PROBLEM STATEMENT
Give back an exact copy of the entries beneath, minus the pictures.

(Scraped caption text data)
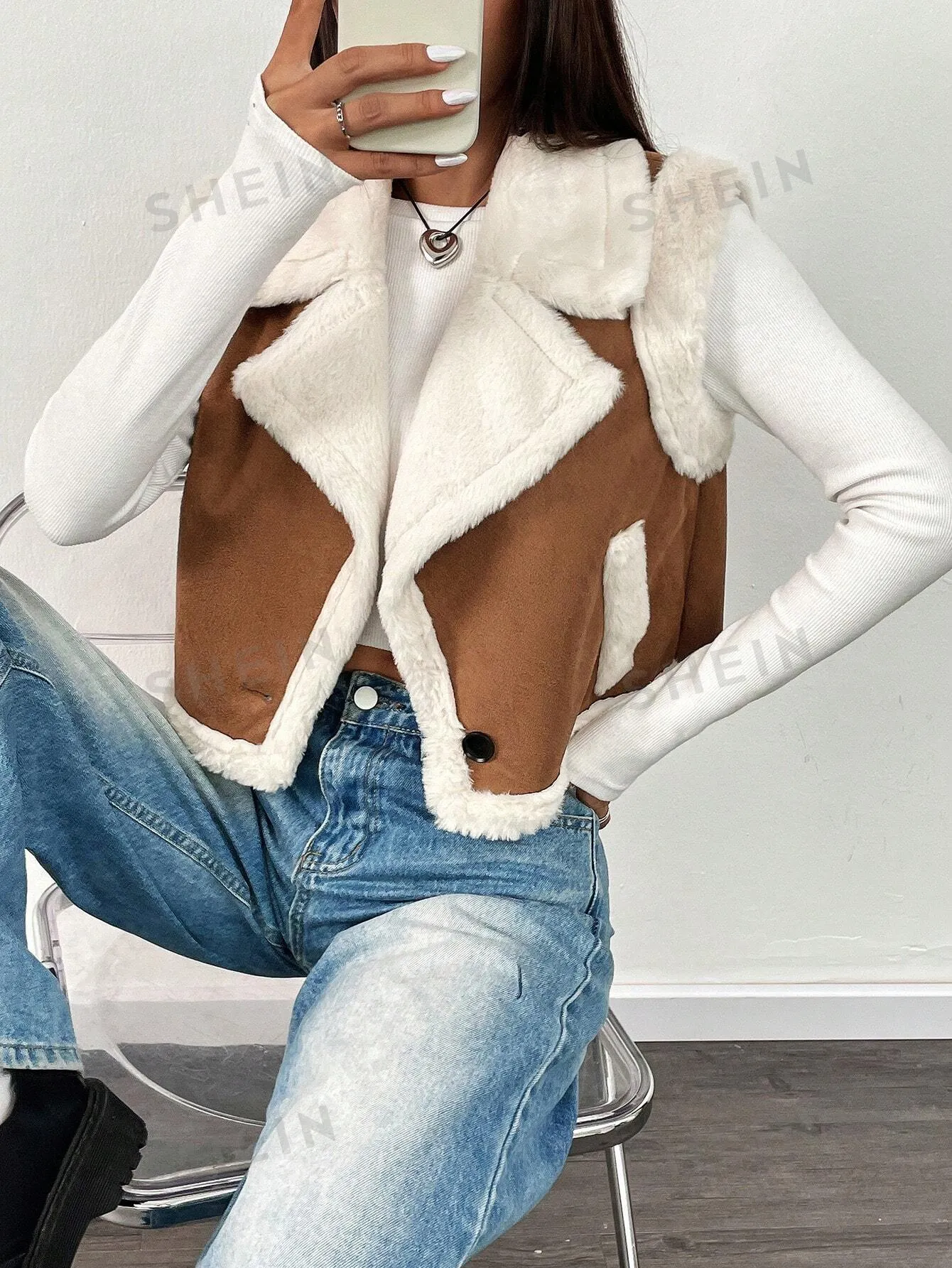 Essnce Brown Sleeveless Faux Pocket Fur-Lined Warm Vest Jacket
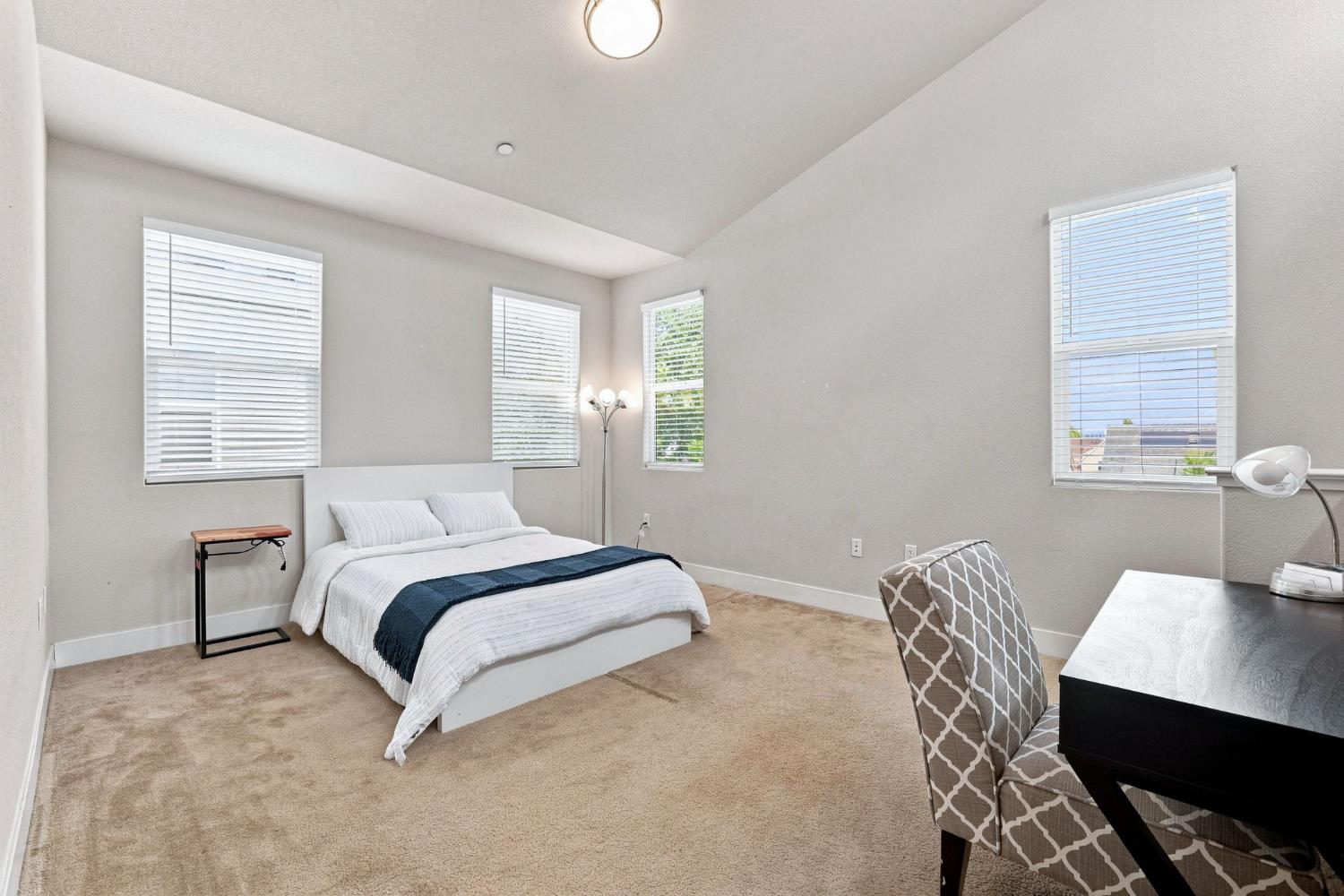 1681 Heirloom St, Davis, CA 95616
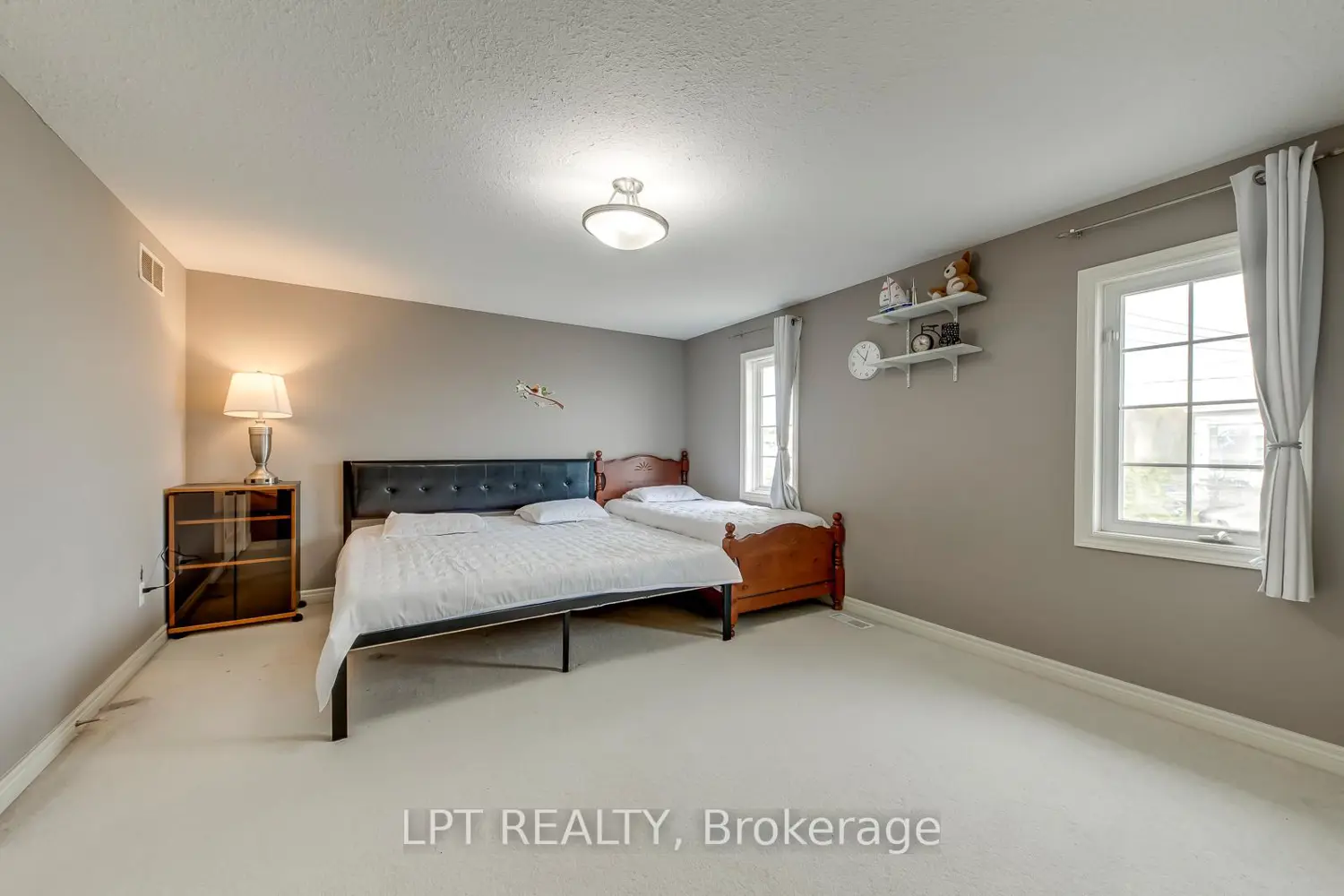 Additional image 9 of 10 Fallowfield Drive 6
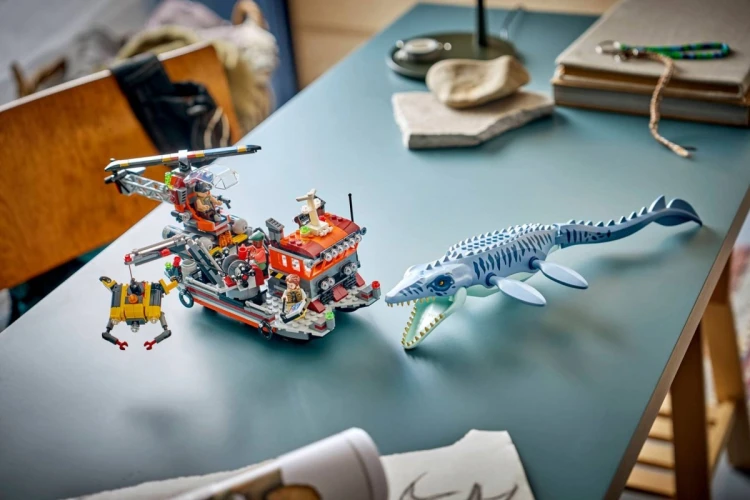 LEGO Jurassic World 77983 - Atak mozazaura na łódź
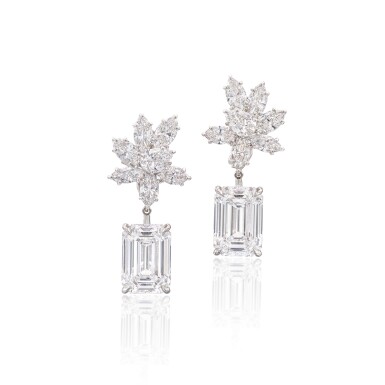 View full screen - View 1 of Lot 1835. Pair of Diamond Pendent Earrings, Tops by Harry Winston | 10.35及 10.32克拉 長方形 D色 完美無瑕鑽石 掛墜 配 海瑞溫斯頓鑽石耳環 一對.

WRITTEN RESPONSE
 Essnce Brown Sleeveless Faux Pocket Fur-Lined Warm Vest Jacket
 1681 Heirloom St, Davis, CA 95616
 Additional image 9 of 10 Fallowfield Drive 6
 LEGO Jurassic World 77983 - Atak mozazaura na łódź
 View full screen - View 1 of Lot 1835. Pair of Diamond Pendent Earrings, Tops by Harry Winston | 10.35及 10.32克拉 長方形 D色 完美無瑕鑽石 掛墜 配 海瑞溫斯頓鑽石耳環 一對.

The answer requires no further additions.